Section 20Communications by journalists

(1) Subject to paragraph (2), the financial promotion restriction does not apply to any non-real time communication if—

(a) the content of the communication is devised by a person acting in the capacity of a journalist;

(b) the communication is contained in a qualifying publication; and

(c) in the case of a communication requiring disclosure, one of the conditions in paragraph (2) is met.

(2) The conditions in this paragraph are that—

(a) the communication is accompanied by an indication explaining the nature of the author's financial interest or that of a member of his family (as the case may be);

(b) the authors are subject to proper systems and procedures which prevent the publication of communications requiring disclosure without the explanation referred to in sub-paragraph (a); or

(c) the qualifying publication in which the communication appears falls within the remit of—

(i) the Code of Practice issued by the Press Complaints Commission;

(ii) the OFCOM Broadcasting Code; or

(iii) the Producers' Guidelines issued by the British Broadcasting Corporation.

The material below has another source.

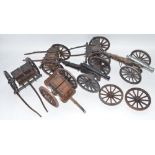 Two large cannon models in metal and wood with ammunition tenders and a pair of spare wheels.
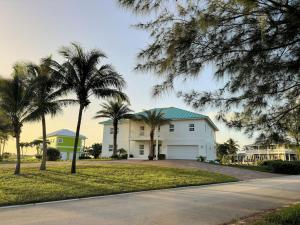 Casa blanca con techo azul y palmeras en Escape to Paradise In West End Old Bahama Bay, en West End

(3) For the purposes of this article, a communication requires disclosure if—

(a) an author of the communication or a member of his family is likely to obtain a financial benefit or avoid a financial loss if people act in accordance with the invitation or inducement contained in the communication;

(b) the communication relates to a controlled investment of a kind falling within paragraph (4) or to a controlled claims management activity ; and

(c) the communication identifies directly a person who issues or provides the controlled investment or who carries on or engages in the controlled claims management activity to which the communication relates.

(4) A controlled investment falls within this paragraph if it is—

(a) an investment falling within paragraph 14 of Schedule 1 (shares or stock in share capital);

(b) an investment falling within paragraph 21 of that Schedule (options) to acquire or dispose of an investment falling within sub-paragraph (a);

(c) an investment falling within paragraph 22 of that Schedule (futures) being rights under a contract for the sale of an investment falling within sub-paragraph (a); or

(d) an investment falling within paragraph 23 of that Schedule (contracts for differences etc.) being rights under a contract relating to, or to fluctuations in, the value or price of an investment falling within sub-paragraph (a).

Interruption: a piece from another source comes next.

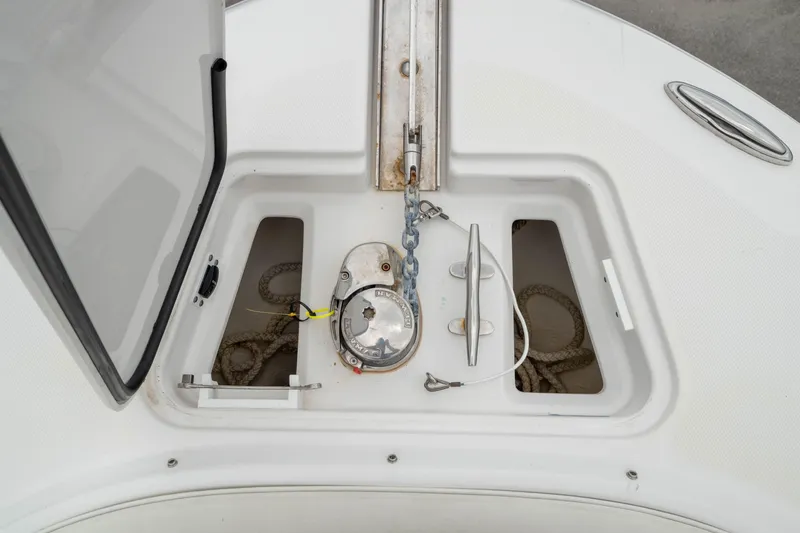 Slide: The Image of Anchor storage compartment on 2023 Edgewater 248 CX boat, featuring chain and rope. - 43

(5) For the purposes of this article—

(a) the authors of the communication are the person who devises the content of the communication and the person who is responsible for deciding to include the communication in the qualifying publication;

(b) a “ qualifying publication ” is a publication or service of the kind mentioned in paragraph (1) or (2) of article 54 of the Regulated Activities Order and which is of the nature described in that article, and for the purposes of this article, a certificate given under paragraph (3) of article 54 of that Order and not revoked is conclusive evidence of the matters certified;

(c) the members of a person's family are his spouse or civil partner and any children of his under the age of 18 years.

Section 20APromotion broadcast by company director etc.

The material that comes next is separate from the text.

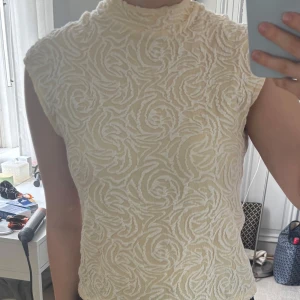 Ljusgul mönstrad ärmlös topp - Supersnygg ljusgul topp med hög hals och ärmlös design. Toppen har ett unikt, broderat mönster som ger en cool struktur och sticker ut. Perfekt för dig som gillar detaljer och vill ha något annorlunda i garderoben.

(1) The financial promotion restriction does not apply to a communication which is communicated as part of a qualifying service by a person (“ D ”) who is a director or employee of an undertaking (“ U ”) where—

(a) the communication invites or induces the recipient to acquire—

(i) a controlled investment of the kind falling within article 20(4) which is issued by U (or by an undertaking in the same group as U); or

(ii) a controlled investment issued or provided by an authorised person in the same group as U;

(b) the communication—

(i) comprises words which are spoken by D and not broadcast, transmitted or displayed in writing; or

(ii) is displayed in writing only because it forms part of an interactive dialogue to which D is a party and in the course of which D is expected to respond immediately to questions put by a recipient of the communication;

(c) the communication is not part of an organised marketing campaign; and

(d) the communication is accompanied by an indication that D is a director or employee (as the case may be) of U.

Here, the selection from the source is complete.